Starting at the first line of the data, please print exactly those lines through the one that holds "Happymodel ELRS 2.4G", omitting every picture.

Extracted records
◆ ◆ ◆ ◆ ◆
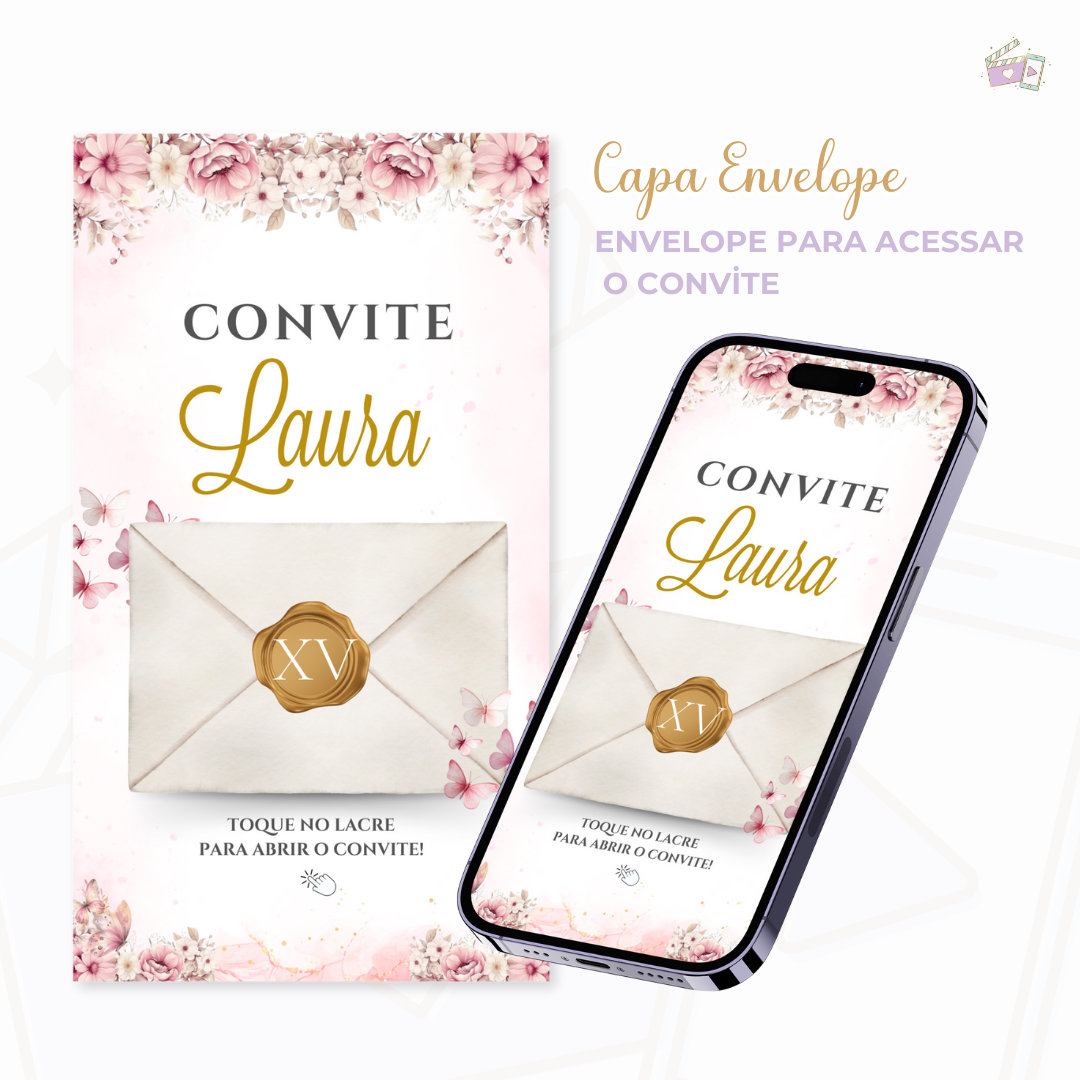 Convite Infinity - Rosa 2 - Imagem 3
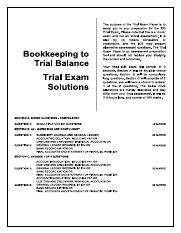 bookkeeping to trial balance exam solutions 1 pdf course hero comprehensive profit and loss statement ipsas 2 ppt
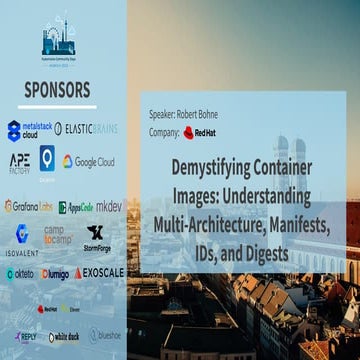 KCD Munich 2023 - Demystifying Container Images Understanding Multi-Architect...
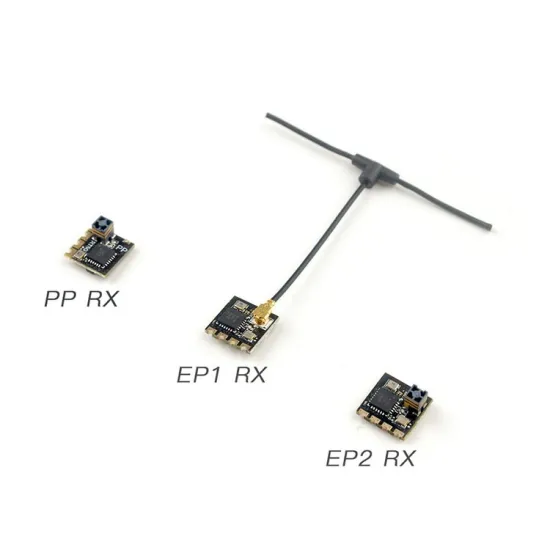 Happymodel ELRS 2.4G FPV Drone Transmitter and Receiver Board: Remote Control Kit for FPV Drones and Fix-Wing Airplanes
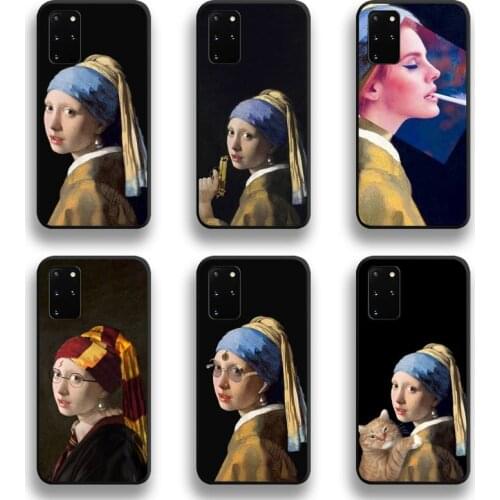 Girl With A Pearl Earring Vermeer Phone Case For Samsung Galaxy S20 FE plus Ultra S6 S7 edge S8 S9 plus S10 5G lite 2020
◆ ◆ ◆ ◆ ◆
Solution below:
 Convite Infinity - Rosa 2 - Imagem 3
 bookkeeping to trial balance exam solutions 1 pdf course hero comprehensive profit and loss statement ipsas 2 ppt
 KCD Munich 2023 - Demystifying Container Images Understanding Multi-Architect...
 Happymodel ELRS 2.4G FPV Drone Transmitter and Receiver Board: Remote Control Kit for FPV Drones and Fix-Wing Airplanes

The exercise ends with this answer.